All of us have a role in curbing bullying
- Marian Cakarnis
- Forest Grove News-Times - Opinion
Are we modeling ways to communicate that demonstrate respect for others and their opinions?
Why is bullying such a problem among our youth today?
Everyone is well aware of the statistics and the toll it takes on children and teens. It is a recurring, ever-increasing cycle; one person bullies another, and the victim retaliates by bullying others. Bullying is learned behavior; it is on the rise and the problems are increasing.
So, who are these bullies that live in our community? As many psychologists or counselors can tell you, most were victims themselves. They operate on a base of fear, and bully to control and manipulate their environment to get what they want.
Many of you might be thinking that we need to 'fix' these kids who are doing the bullying, but are we the role models our kids can rely on?
Are we modeling ways to communicate that demonstrate respect for others and their opinions?

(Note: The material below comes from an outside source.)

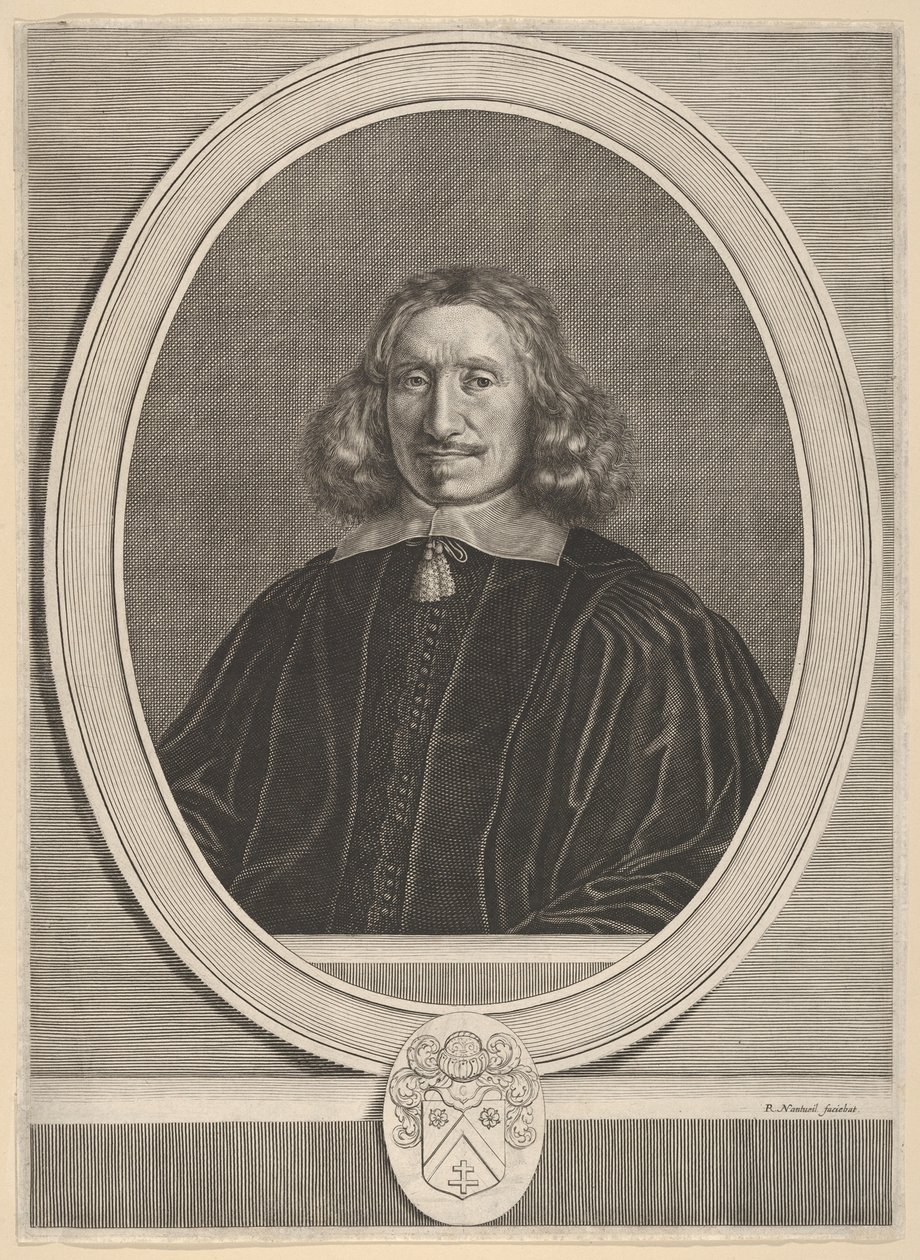 Michel Larcher, ca. 1648-49. af Robert Nanteuil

Even when those opinions differ from our own? Do you consider others' needs and wants, or are you solely focused on getting what you want?

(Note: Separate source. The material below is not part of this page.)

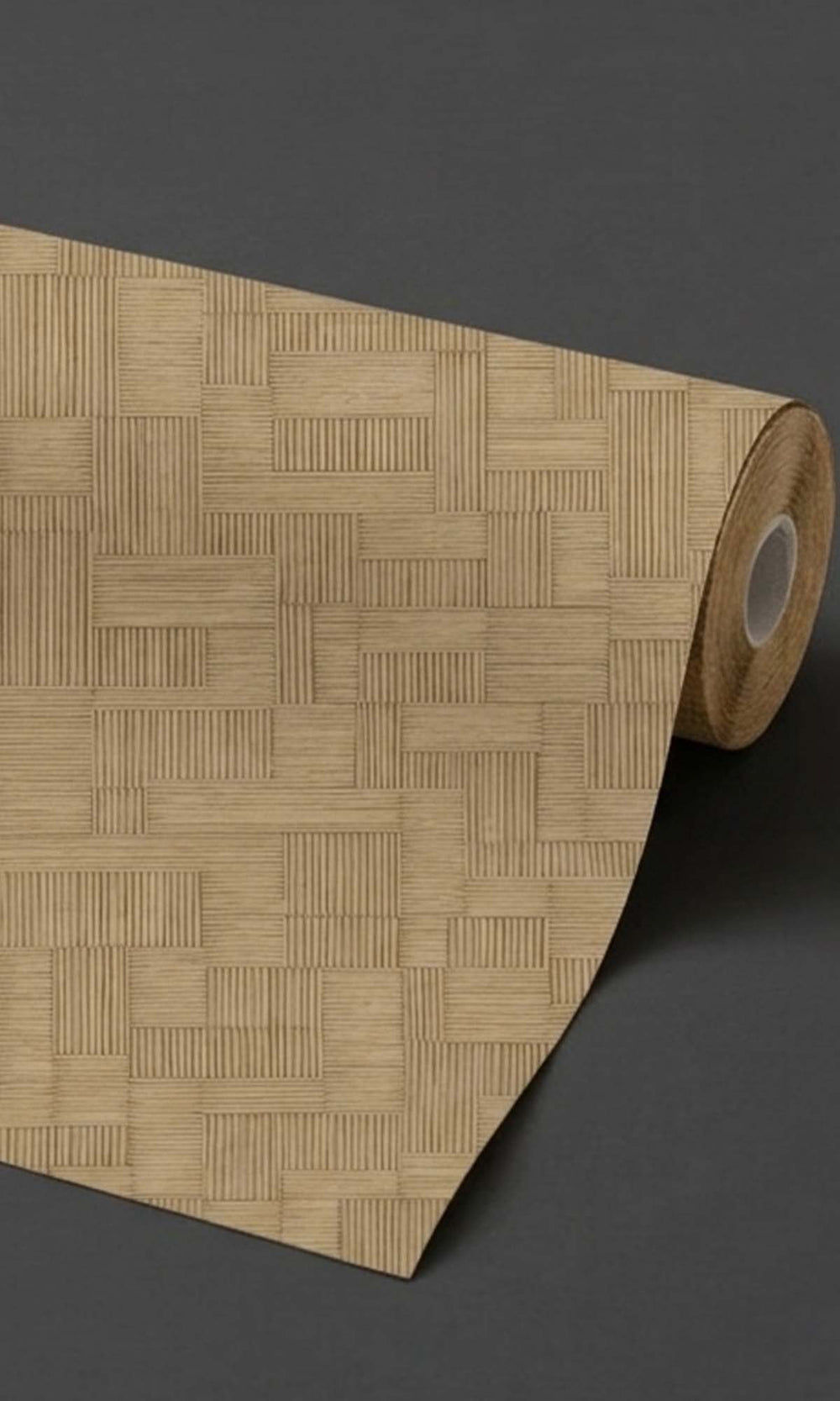 Montecito Rattan Parquet Wallpaper R10450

Let's consider the difference between influence, persuasion, manipulation and coercion. Each can be used to get what we want and are related: persuasion is a more powerful form of influence, manipulation is a more powerful form of persuasion, and coercion is the strongest form of manipulation. We often think of influence as something good - it's how we achieve our goals. But coercion is generally seen as bad and punishable.

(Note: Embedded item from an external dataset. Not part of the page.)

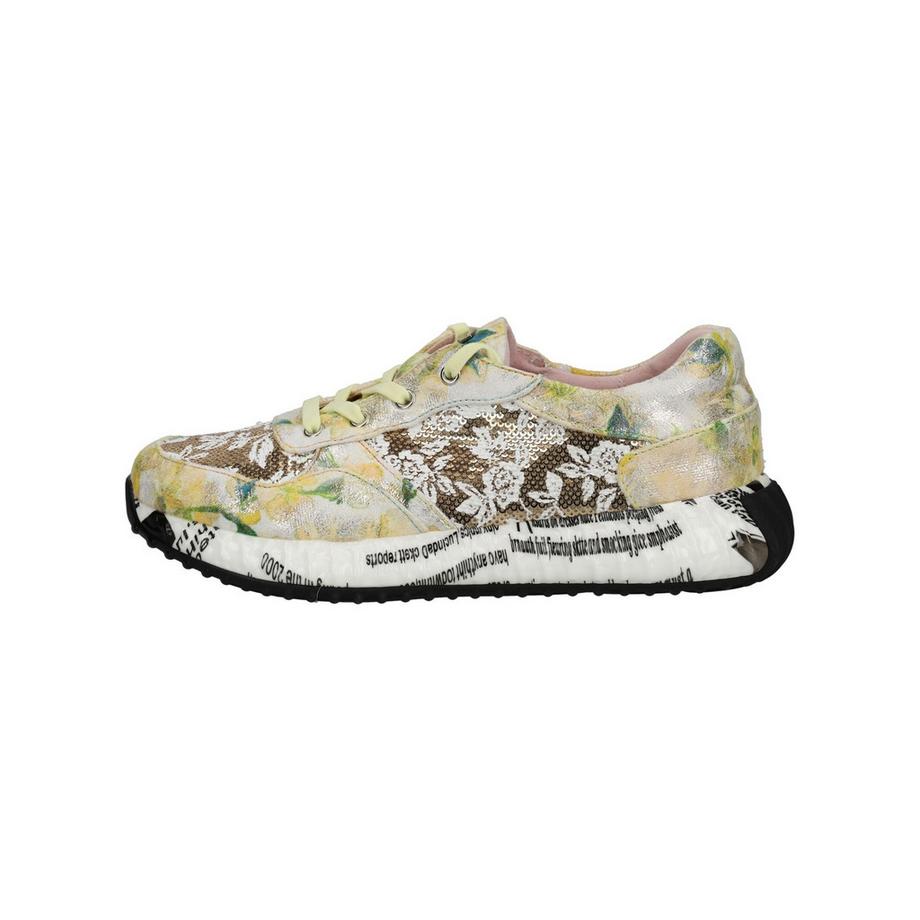 Laura Vita Sneaker Broderie Florale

Many of us use our powers of influence and persuasion to obtain what we want for ourselves, our families and our communities. It's the way we do business and are the methods we employ to further our own causes and agendas. Many of those causes and agendas are a wonderful thing for our entire community. Some benefit only a subset of our community and some benefit only a few (or one). Some do no harm, and some do. How do we define what is acceptable and what isn't? Where do you personally draw the line?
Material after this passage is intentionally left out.